What It's About

TRIBEWORK is about consuming the process of life, the journey, together.

Saturday, January 22, 2011

Something So Tweetable


It’s a superficial world that wants a hundred 140-character messages of meaning in a ten minute portion of web browsing; one that chews data up and spits information out at diabolical pace... yet, that’s us. Quick and to the point—even if depth is skimped—seems to be ‘it’ for our day. We’re past masters at it.

We can do better.

People can be met and listened to. Freedom can be known in taking a few more nanoseconds to get our minds around an important concept. The physical world can be touched.

Tweets and status updates (short ones!) have their place, but what’s sacrificed to the popularising of the masses?
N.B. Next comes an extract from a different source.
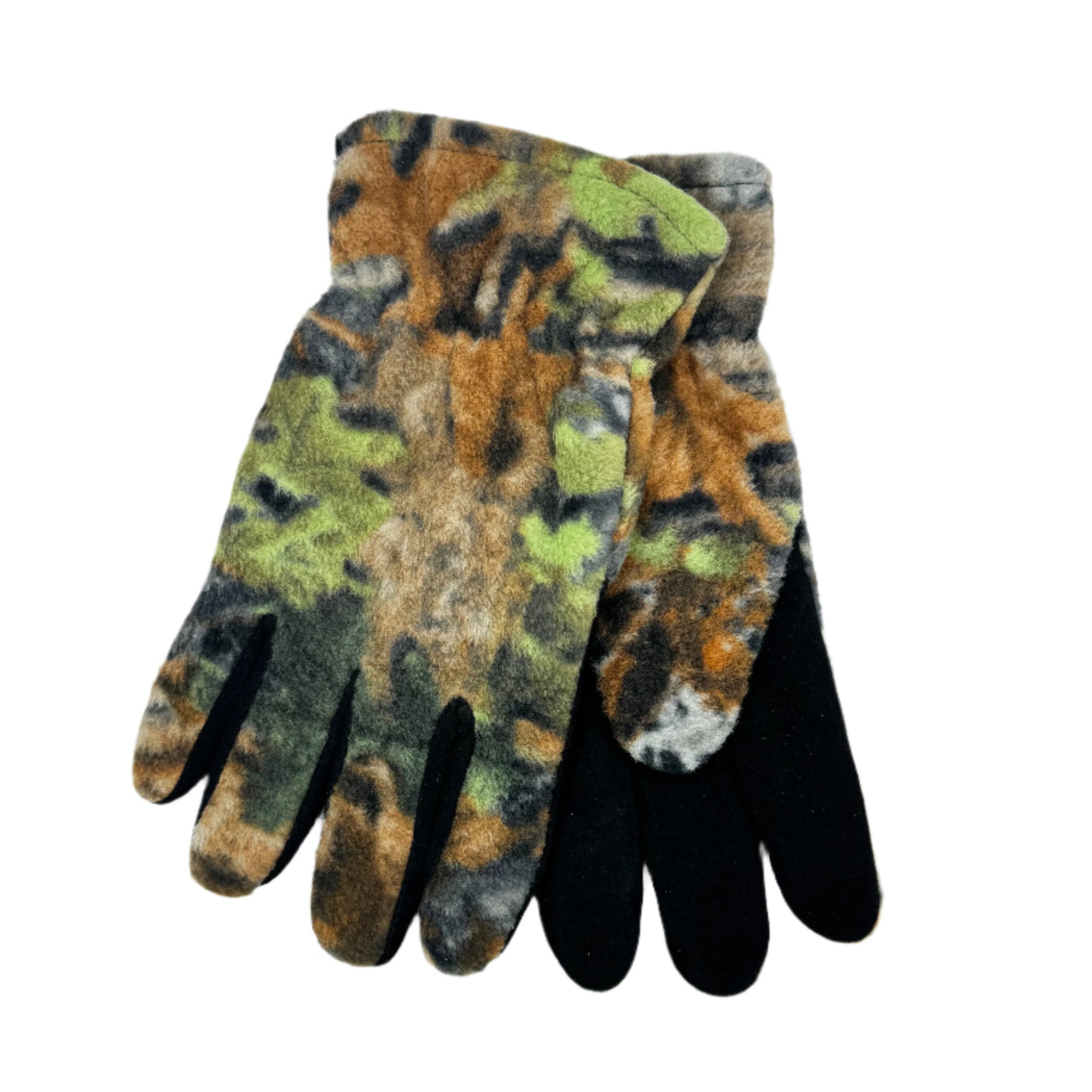 Camo Deerskin Gloves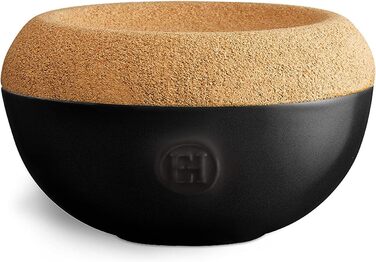 Ємність для зберігання солі 0,5 л чорна Emile Henry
Our dignity for one...

A Deeper Premise

The people seeking the time to go deeper are those extracting life from life; not some fake adventure like one of those skimming rocks across the placid lake’s surface. They get to the other side and know nothing of negotiating with skill and fortitude the rapids upstream.

The rapids produce difficulty, of course.

Most people studiously avoid difficulty. Yet, no risk means no return. A fake world is returned, no questions asked.

Exploring is the essence of the true life experience. Even though we struggle to plunge deeply into many things there are some things we can’t help get lost in. Getting lost is fun.

Getting lost is life.

The Mystery of a Good Tweet

‘Elegant simplicity’ is the term. That is, come up with a 140-character tweet or slightly longer status update that actually encourages fossicking! This is our challenge, and there are some who are becoming brilliant at it... but it still won’t feed a hungry soul clawing to be edified.

The generation of interest and appetite to learn, however, is the founding of edification. Something so tweetable ventures into this territory.

© 2011 S. J. Wickham.

P.S. Will we even have ‘tweets’ and ‘status updates’ in twenty years?